Gluten Free Diets

GLUTEN-FREEWhat’s with all the talk about moving from traditional diets to a gluten free diet? As you walk down the aisles of the supermarket these days you see more and more labels touting “Gluten Free”. If you go to any catered function you will see several items labeled gluten free. Every caterer knows about specialty meals, there’s nothing new about that, but the keen awareness put on gluten free products has risen significantly.

So why have gluten free diets gotten such a bad rap recently? Many people think its just another marketing trend. Remember when we were told – and sold – that eggs were bad for us? A nationwide campaign was launched that sent fear into the hearts of anyone wanting to eat eggs for breakfast. The marketing machine manipulated us as a nation into thinking the only safe part of the egg to eat on a regular basis was the egg’s whites. Products were introduced and sold like crazy, as the population bought into the concept hook, line and sinker. To this day I wonder who was behind that scam and for what monetary gain? Gluten is a different story. Of course the marketing machine has jumped on board, but this time at the request of the informed consumer.

You might wonder if gluten is so bad how on earth have we managed for the centuries we’ve been eating it? It’s been shown that we are not eating the same gluten our ancestors ate, and in fact today’s grains bear little resemblance to gluten we consumed just over 50 years ago. As a result of bio-engineering and crossing different plants to arrive at new varieties gluten has been given a entire makeover. These manipulations have increased the grains to contain up to 40 times the amount of gluten that they had just a few decades ago. Why? There are a couple of theories: This process increases yield and the increase in gluten within a food makes the product more appealing to the palette. The second reason substantiates that modern gluten-containing grains are more addictive.

Gluten is the Latin word for glue. It is a protein composite that acts as a binding agent and is found in wheat, rye, barley, spelt, kamut and bulgar. It’s the stuff that makes our morning muffin or that slice of pizza so tasty. It’s in almost everything on the shelves from breads to salad dressings. It’s used as a filler and and adhesive not only in foods but also in personal care items.

Gluten sensitivity and Celiac Disease are not necessarily the same. Celiac Disease is a uncompromising reaction to gluten in any form. Consuming gluten for a Celiac is debilitating and eventually life threatening. Gluten sensitivity is not the same, yet can cause a lot of damage if left unattended. While many people are tolerant, but sensitive to gluten they may be suffering from the side effects without realizing that their intake of gluten is the culprit.
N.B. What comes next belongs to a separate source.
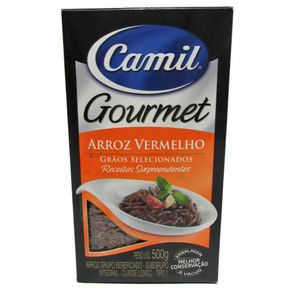 Arroz Vermelho Camil Gourmet 500g Arroz Vermelho Camil Gourmet 500g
More evidence has been revealed that food products using gluten are the dietary causes of serious health issues facing our society today. Studies showing the consistent intake of gluten to be linked to a number of present day ailments. To name a few; inflammation, the root symptom of rheumatoid arthritis, Lupus, as well as digestive problems and cognitive disorders like dementia and Alzheimers, depression, and neurological problems like Parkinsons, ataxia, dystonia, a severe spasms throughout the body. These may seem extreme, but since the introduction of low fat and high carbohydrates containing gluten into the eating pyramid an increase in these maladies has gone up significantly.

There are many of studies on this topic and Dr. David Perlmutter, MD’s best seller Grain Brain would be an excellent reference to start learning more. Gluten free diets may not be for everyone, but for some they might just be the ticket to living a healthier and happier lifestyle.